Below are records; the lines starting at the one with "Mann-filter Kraftstofffilter [Hersteller-Nr." and ending at the one with "Peg Perego Primo" must be reproduced exactly, both included. Pictures must not appear.

_Recorded data_:
=== Section Start ===
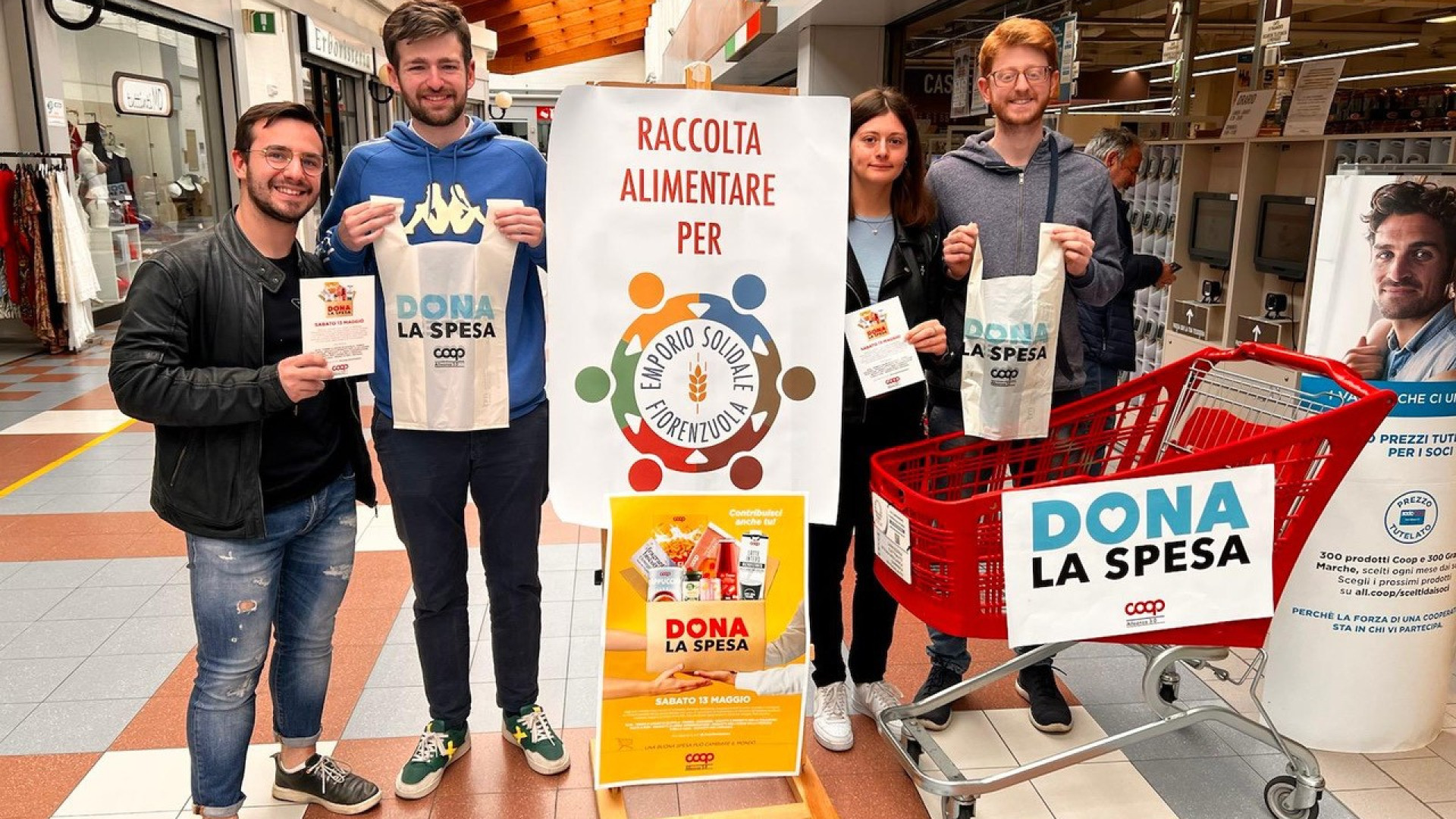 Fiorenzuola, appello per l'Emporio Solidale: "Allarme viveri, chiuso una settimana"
=== Section End ===
=== Section Start ===
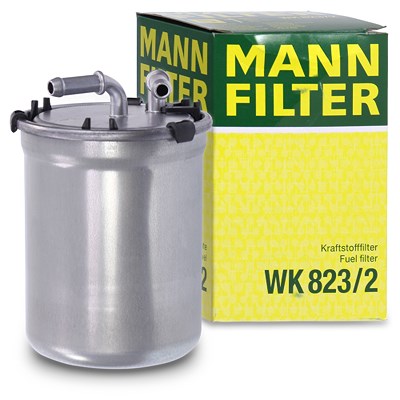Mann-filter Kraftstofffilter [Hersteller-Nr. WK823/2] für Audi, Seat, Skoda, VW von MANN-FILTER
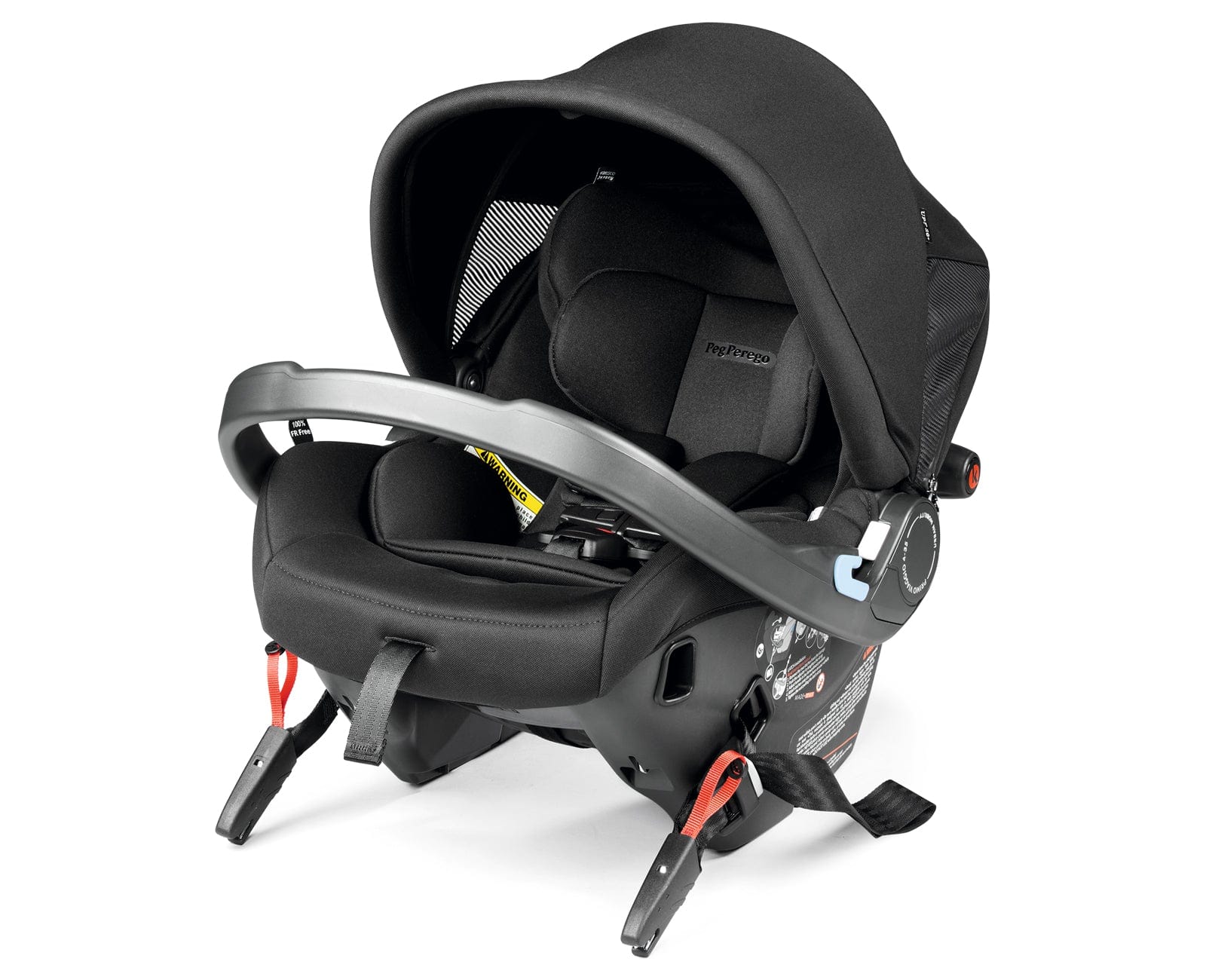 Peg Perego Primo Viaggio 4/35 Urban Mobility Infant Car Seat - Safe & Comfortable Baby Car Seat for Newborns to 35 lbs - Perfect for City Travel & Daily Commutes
=== Section End ===
=== Section Start ===
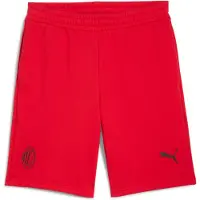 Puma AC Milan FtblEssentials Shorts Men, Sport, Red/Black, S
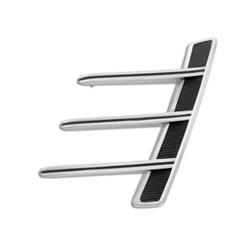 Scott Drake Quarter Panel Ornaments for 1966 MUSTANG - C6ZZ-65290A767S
=== Section End ===
_Exercise solution_:
Mann-filter Kraftstofffilter [Hersteller-Nr. WK823/2] für Audi, Seat, Skoda, VW von MANN-FILTER
 Peg Perego Primo Viaggio 4/35 Urban Mobility Infant Car Seat - Safe & Comfortable Baby Car Seat for Newborns to 35 lbs - Perfect for City Travel & Daily Commutes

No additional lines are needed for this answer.